--- START ---

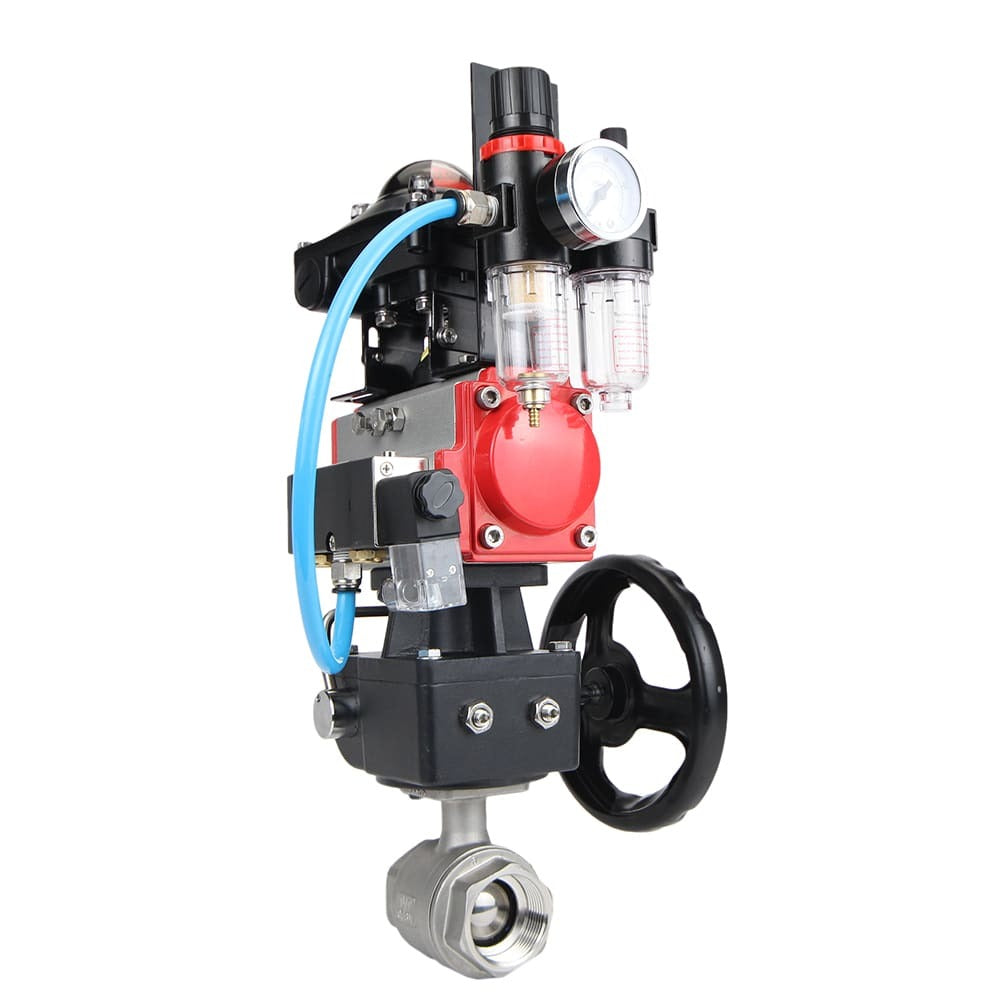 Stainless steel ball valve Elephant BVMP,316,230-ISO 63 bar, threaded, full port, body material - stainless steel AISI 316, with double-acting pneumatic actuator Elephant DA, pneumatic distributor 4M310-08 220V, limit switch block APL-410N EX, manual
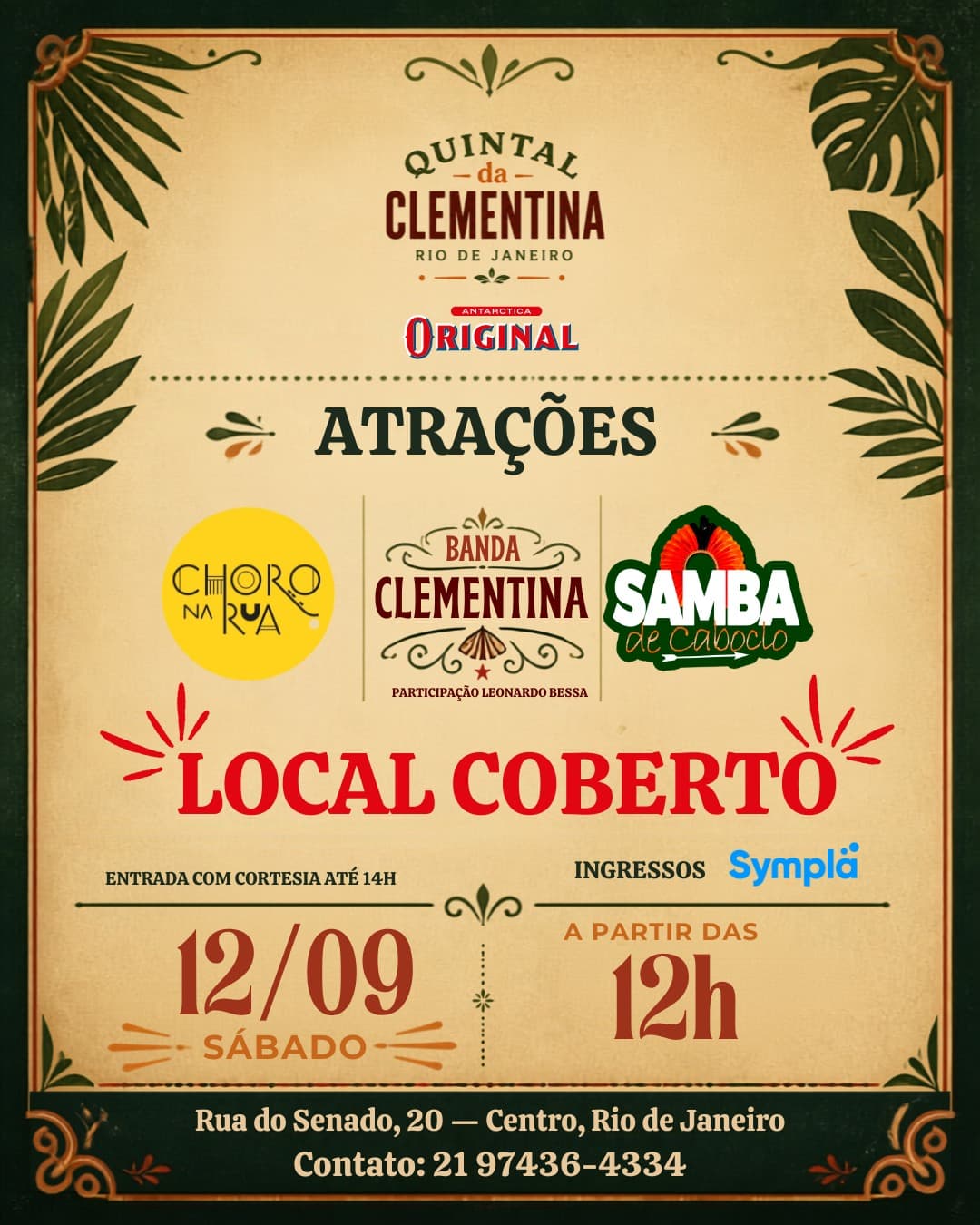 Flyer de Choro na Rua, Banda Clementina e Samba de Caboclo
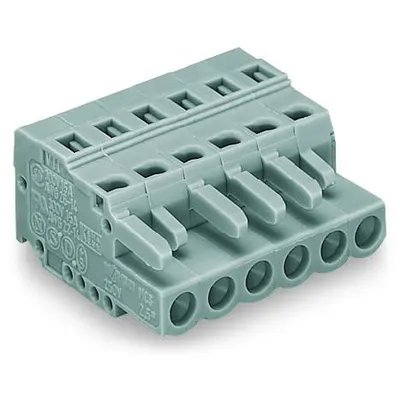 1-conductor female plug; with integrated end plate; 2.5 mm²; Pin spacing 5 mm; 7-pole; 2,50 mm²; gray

--- END ---
--- START ---

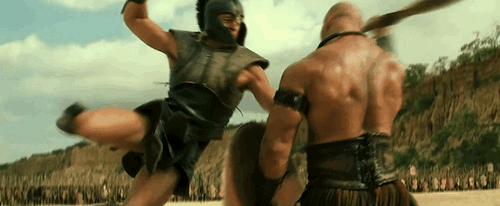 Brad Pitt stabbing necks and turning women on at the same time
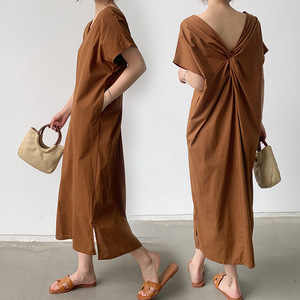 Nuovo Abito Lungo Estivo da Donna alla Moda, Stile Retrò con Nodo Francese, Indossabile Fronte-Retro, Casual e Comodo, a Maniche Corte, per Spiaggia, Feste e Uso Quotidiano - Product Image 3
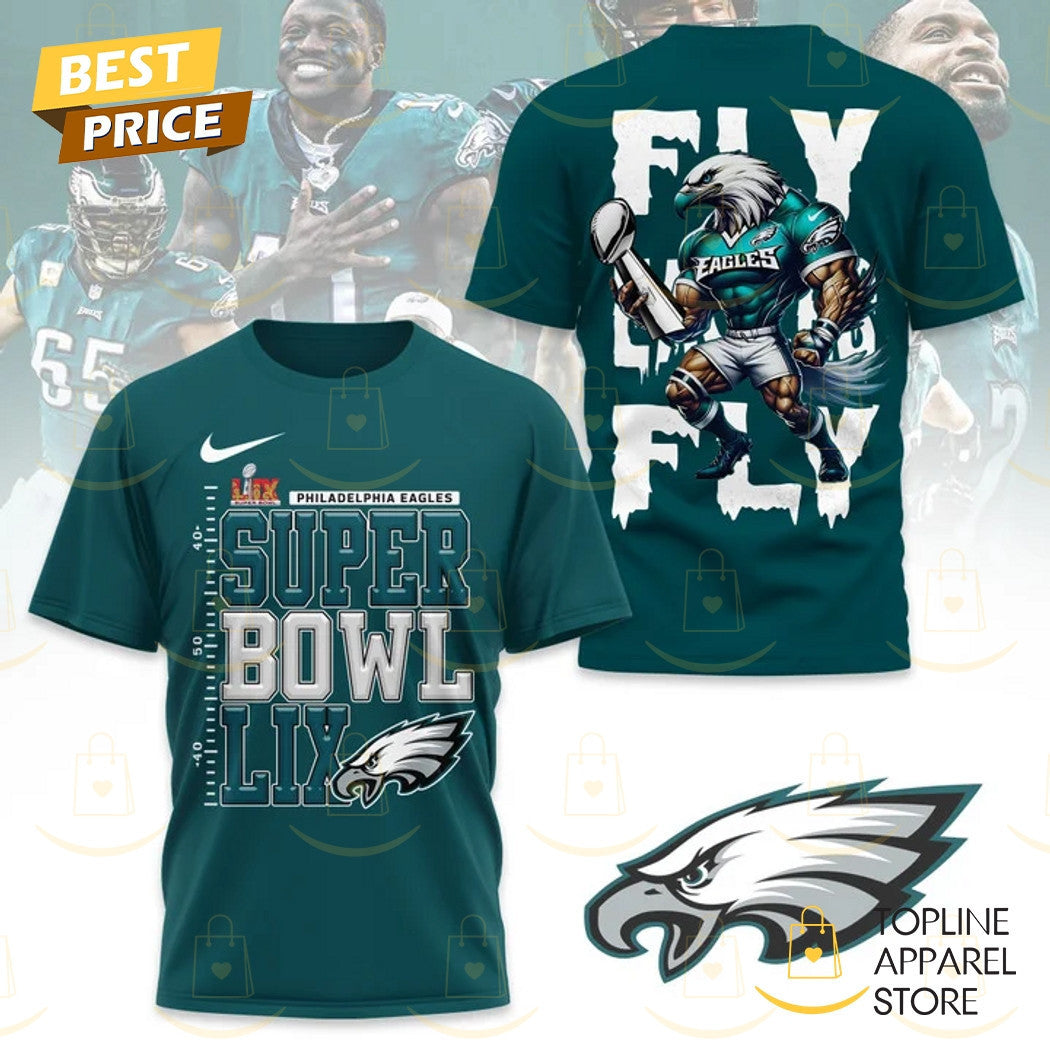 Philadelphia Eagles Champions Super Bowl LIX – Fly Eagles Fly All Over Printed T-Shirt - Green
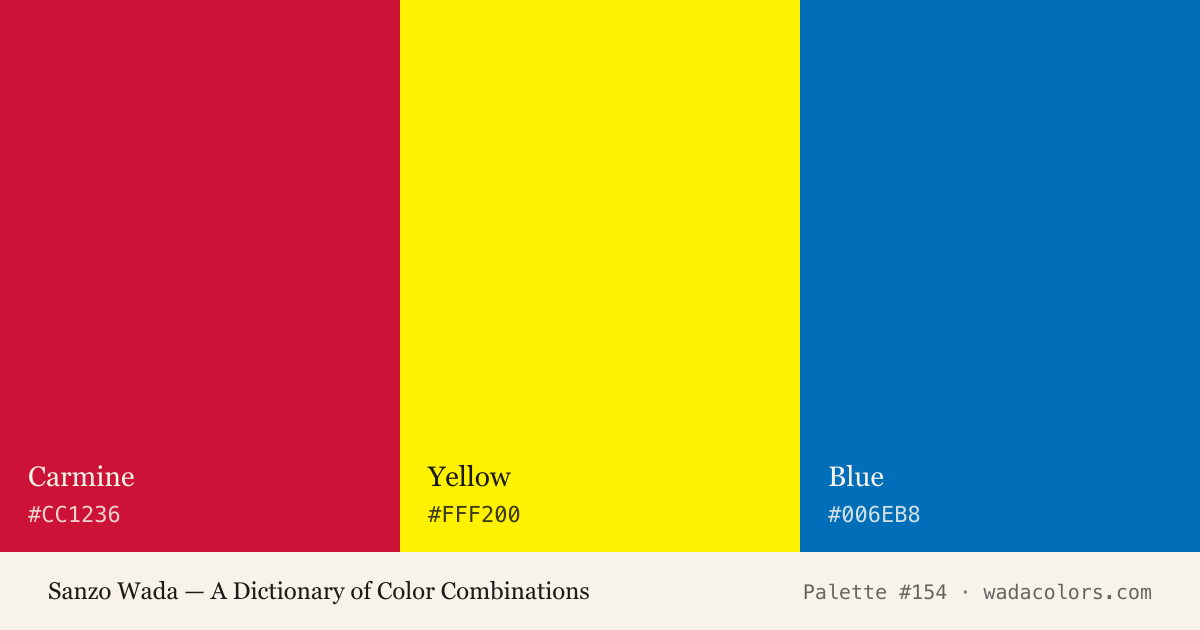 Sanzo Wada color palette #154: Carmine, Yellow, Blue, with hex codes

--- END ---
--- START ---

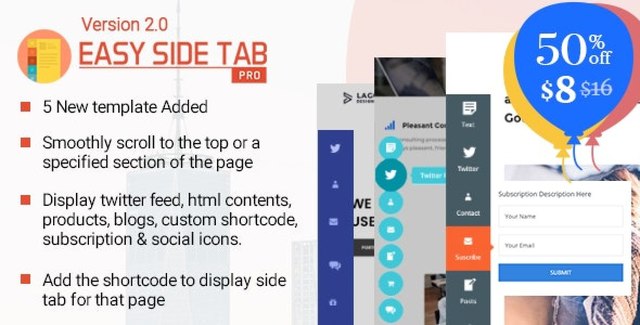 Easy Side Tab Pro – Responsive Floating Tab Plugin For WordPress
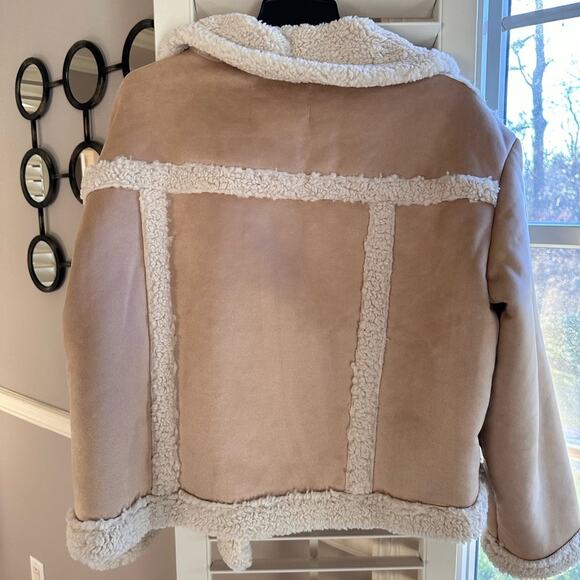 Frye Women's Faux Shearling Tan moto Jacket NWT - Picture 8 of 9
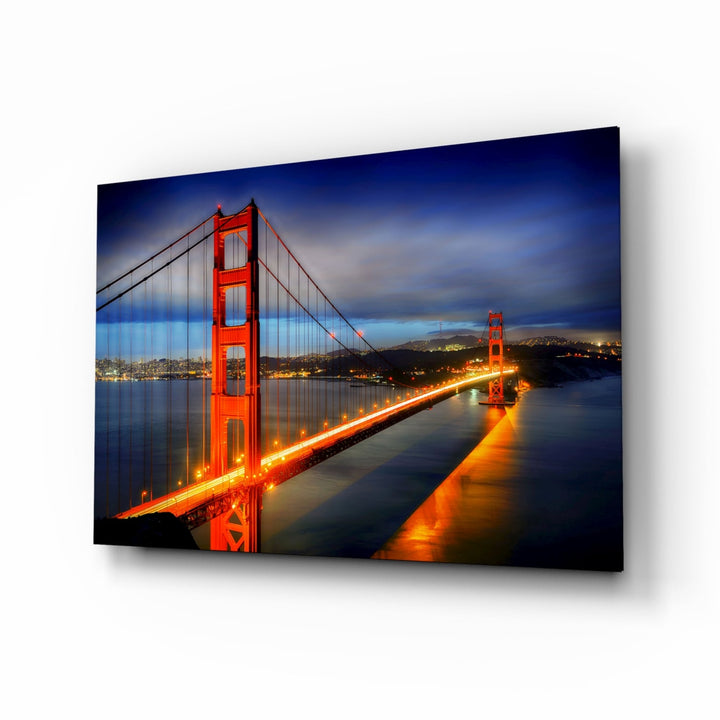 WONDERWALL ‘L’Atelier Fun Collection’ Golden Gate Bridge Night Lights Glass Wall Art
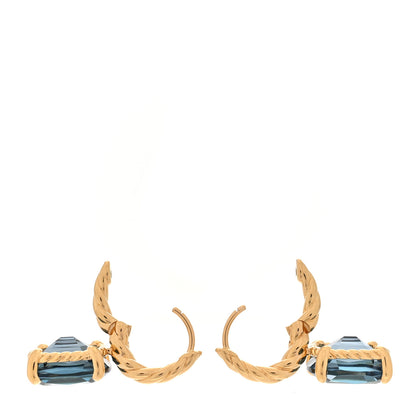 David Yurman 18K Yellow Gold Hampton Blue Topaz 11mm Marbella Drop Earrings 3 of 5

--- END ---

WHAT YOU HAVE TO DO
From the records above, output only the lines starting at the one containing "WONDERWALL ‘L’Atelier Fun" and ending at the one containing "David Yurman 18K", word for word. Pictures stay out.

ANSWER FOR THE TASK
 WONDERWALL ‘L’Atelier Fun Collection’ Golden Gate Bridge Night Lights Glass Wall Art
 David Yurman 18K Yellow Gold Hampton Blue Topaz 11mm Marbella Drop Earrings 3 of 5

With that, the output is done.